The most recent update posting: December 5, 2019
Download of surficial geologic map and explanation of the Fells:
Surficial map: FellssurficialMAPDec5-2019.pdf
Full surficial map explanation: FellssurficialEXPLANATIONDec5-2019.pdf
Information about the map and downloads:
What is a surficial geologic map? The surficial geologic map classifies the loose geologic deposits that cover the solid bedrock surface below. The map also shows features created by land surface processes. In the Boston area this is mostly the sediment and features left behind by glaciers that once covered the area during successive glaciations over approximately the last 2.5 million years. For example, the map will show thick deposits of till (sediment deposited by glaciers) as well as the orientation of glacial striations and grooves resulting from glacial ice sliding across the bedrock surface. The last glaciation covered the land surface in the Fells with glacial ice between about 35,000 to 17,000 years ago. This is known as the Wisconsinan Glaciation, named after deposits in Wisconsin. At its maximum extent in eastern New England the last glacier expanded to the islands of Nantucket and Martha’s Vineyard and expanded out across the continental shelf east of Cape Cod, while covering the Boston area with ice about a mile thick.

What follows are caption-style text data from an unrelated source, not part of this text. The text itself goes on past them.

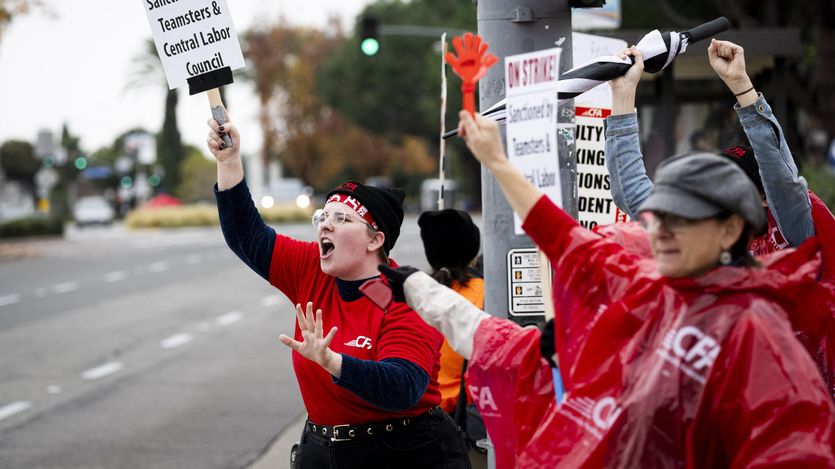 California Faculty Association members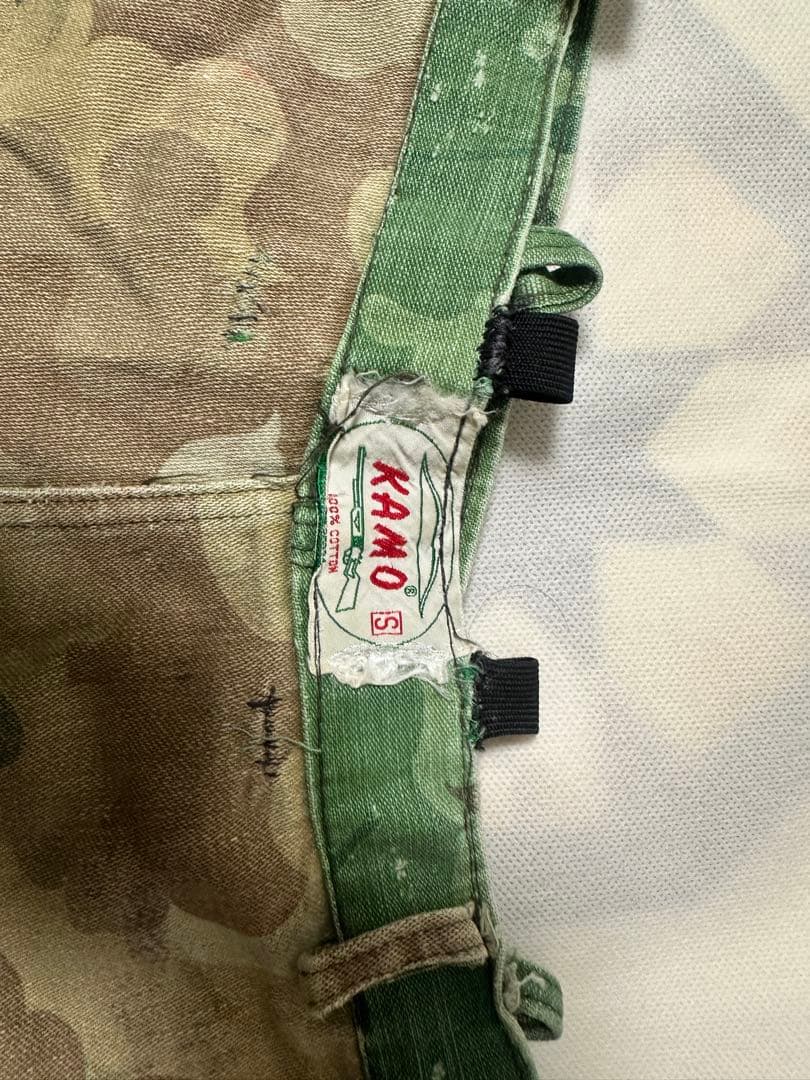 60sミッチェルカモパンツ　ヴィンテージ　カスタム　リバーシブル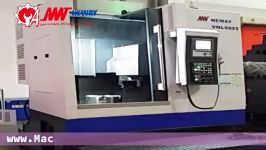 تراش CNC سی ان سی VNL502T شرکت ماشین افزار آذربایجان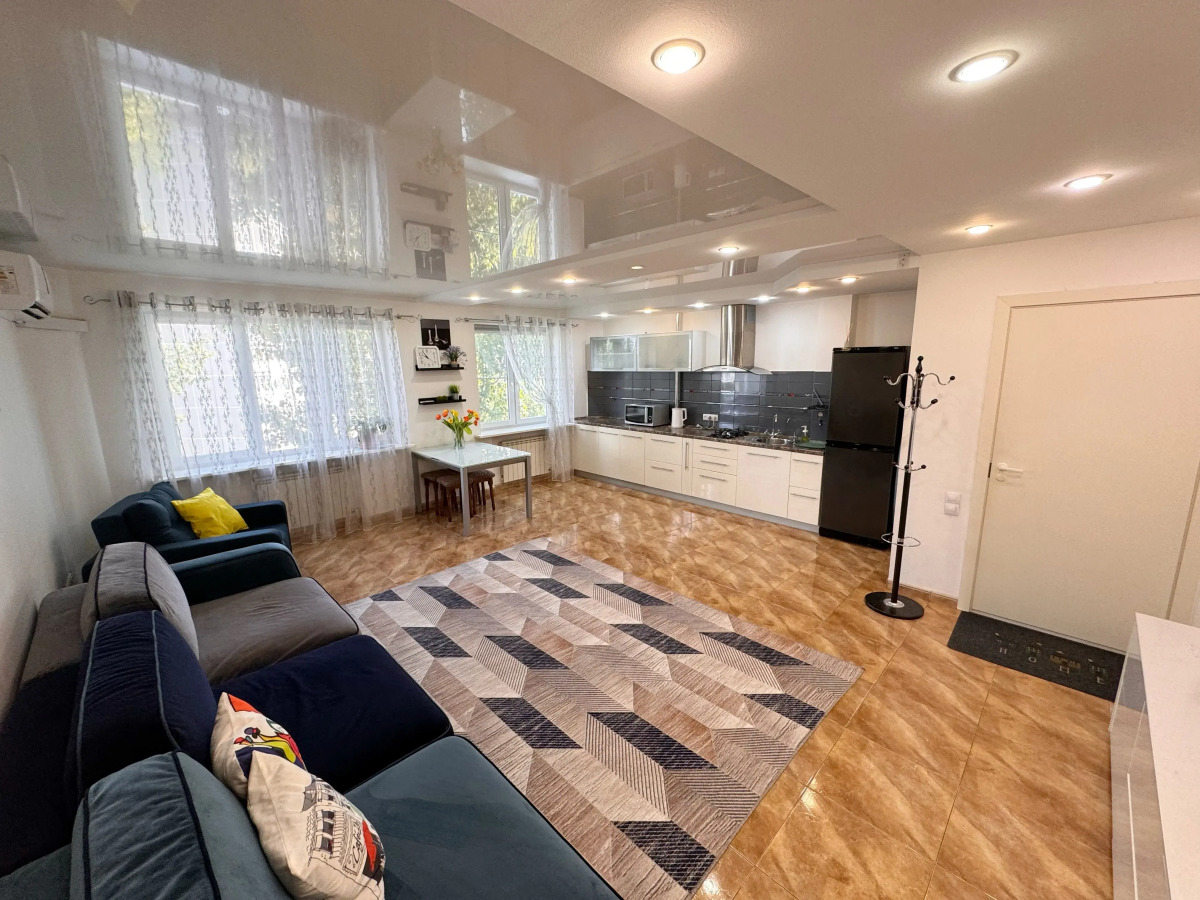 Апартаменты Большие 2-х комнатные с видом на Волгоград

Surficial geologic maps also show modern stream and river deposits, coastal deposits, wetlands, and deposits created by rock disintegration. Surficial maps show where the bedrock surface is exposed but they do not attempt to classify the bedrock into different formations or rock types. Thus, surficial deposits in the Boston area may be thin, where there is a lot of exposed bedrock, but they can also be more than 100 meters thick. Thick glacial sediment occurs beneath Boston Harbor where there are drumlins (streamlined hills made of glacial sediment).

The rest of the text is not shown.